The authors haven’t performed statistical analyses on the RMSD comparisons or the CSP comparisons of GMCSF to claim the differences to be significant or not. For example, the authors say their approach has worked “as the range of the distribution of RMSDs of residues 80-90 and 110-125 is significantly larger for most of the mutations tested at both of these sites”. What is this distribution of RMSD compared against? Are these differences statistically significant?
Given that GMCSF has very limited sequence data in MSA to start with, does MSA subsampling actually help? The authors could try doing predictions using the traditional AF2 pipeline and compare those distributions against their approach.
Although the authors are right in looking for only the ground and I2 states in Abl kinase predictions, it will be interesting to explore if there were any predictions that matched the I1 state and if not, to speculate why more extensively
The data on some of the max_seq:extra_seq optimizations discussed for Abl kinase is missing. For example, 512:8 or 8:1024
There is no citation provided for the single and double mutants whose relative ground state populations were tested for Abl Kinase.
The nature of these mutations on Abl Kinase is not discussed. Are some of these mutations pathogenic or drug-resistant? It will be interesting to correlate the nature of mutation with its structural effects.The authors could provide more introduction of how these mutations were identified and add more discussion on trends.
What is the rationale behind choosing the PCs mentioned by the authors for Abl kinase enhanced sampling?
Why have the authors not shown the RMSD distribution of Distance 2 in Figure 4C?
How were the mutations on the histidine triad of GMCSF chosen?
Sebollela et al. 2005 (https://pubmed.ncbi.nlm.nih.gov/16027123/), which is not cited in this paper specifically but cited in one of the papers (Cui et al. 2020 - https://doi.org/10.1021/acs.biochem.0c00538) that this paper cites, substitutes H15 with alanine to demonstrate a decrease in heparin affinity
For the GMCSF system, do the authors see a relationship between the plDDT scores and the extent of RMSD?

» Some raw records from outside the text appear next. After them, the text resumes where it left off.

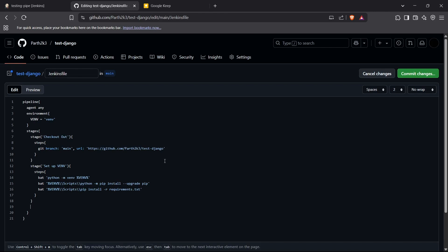Now for the final stage: running the tests. I'll name this stage 'Run Tests'. The step is a single command — using the virtual environment's Python: 'venv\Scripts\python manage.py test'. This will run all the tests written inside the application's tests folder. I'll now commit these changes.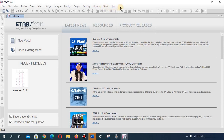We also have the Options menu, the Tools menu, and the Help menu — where you can seek help if you have any issues using the software. So that is the ETABS interface overview. In the next video we are going to start learning how to use this software.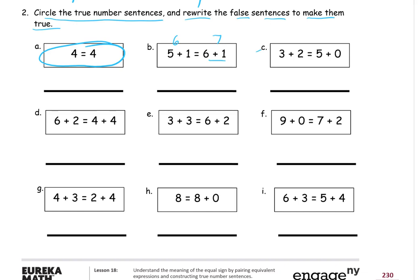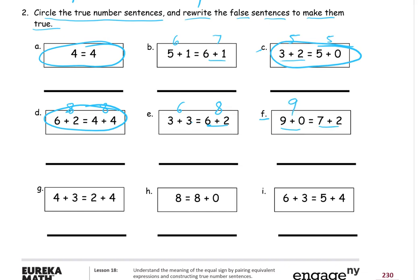Looking at C: 3 plus 2 is 5, and 5 plus 0 is 5. 5 equals 5, so that one's true — circle it. D: 6 plus 2 is 8, and 4 plus 4 is a double that equals 8. 8 equals 8, that one's true. E: 3 plus 3 is 6, and 6 plus 2 is 8. 6 does not equal 8, so we'll leave that one. F: 9 plus 0 is 9, and 7 plus 2 is 9. 9 equals 9 — that was true. Both expressions are equal.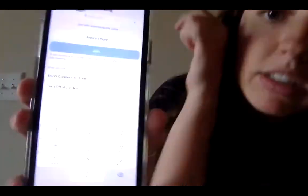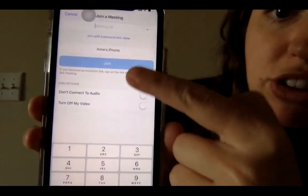Once you press Join, you will be prompted to put in a password, and then you'll be able to join our class Zoom and we'll be able to see all of each other.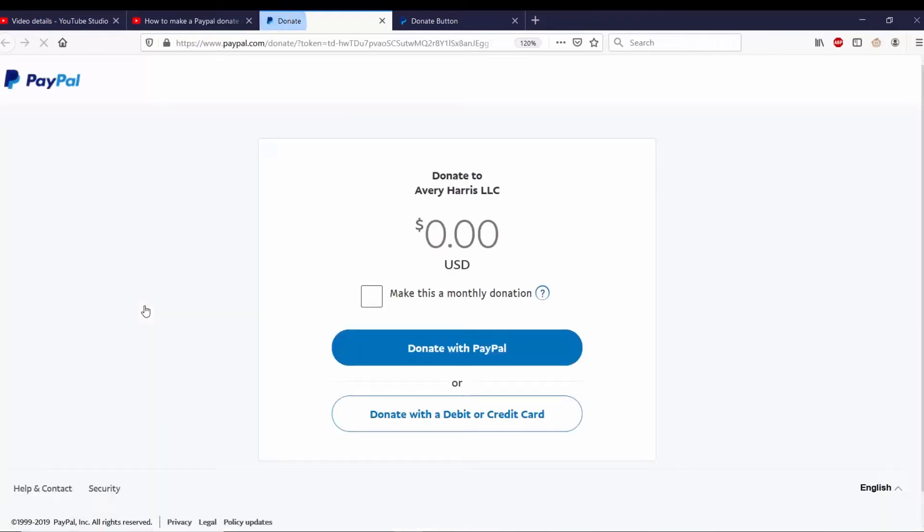Opens up a new tab and it says Donate to Avery Harris LLC. So I have now added in a donate button to YouTube.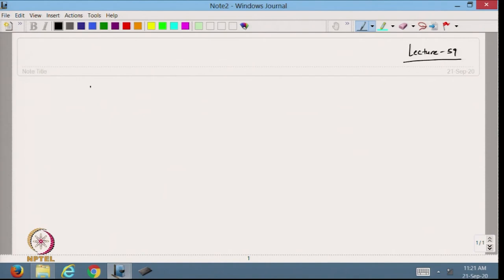Hello viewers, welcome back to the course on scientific computing using MATLAB. In the last lecture we started with the method of undetermined coefficients, and today we will continue with that — specifically, the method of undetermined coefficients.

Prior work that uses AF2 to sample conformational ensembles has seen that AF2 is able to predict more diverse conformations when the protein is not part of AF2’s training dataset. Was GMSCF part of the training dataset? If yes, how would the author’s approach vary for a protein that is not part of the training dataset?
Some of the figures are not informative/important enough to be main figures. For example, Figure 2 is mainly the AF2 pipeline, Figure 5 is just a pictorial representation of Supplementary Table S1. Also, Figures 6 and 7 could be combined into a single figure.
The CSP data for H15N is not shown in Figure 9B whereas its RMSD is shown in Figure 9C
The cut-off values used for jackhmmer not mentioned.
Residues are being addressed as codons in some places in the text
The authors may also want to include a few sentences contrasting their approach with this recently posted work: https://www.biorxiv.org/content/10.1101/2023.08.06.552168v1 in the introduction or discussion.
Review written by Ashraya Ravikumar and Sonya Lee with input from other Fraser Lab members at UCSF
The author declares that they have no competing interests.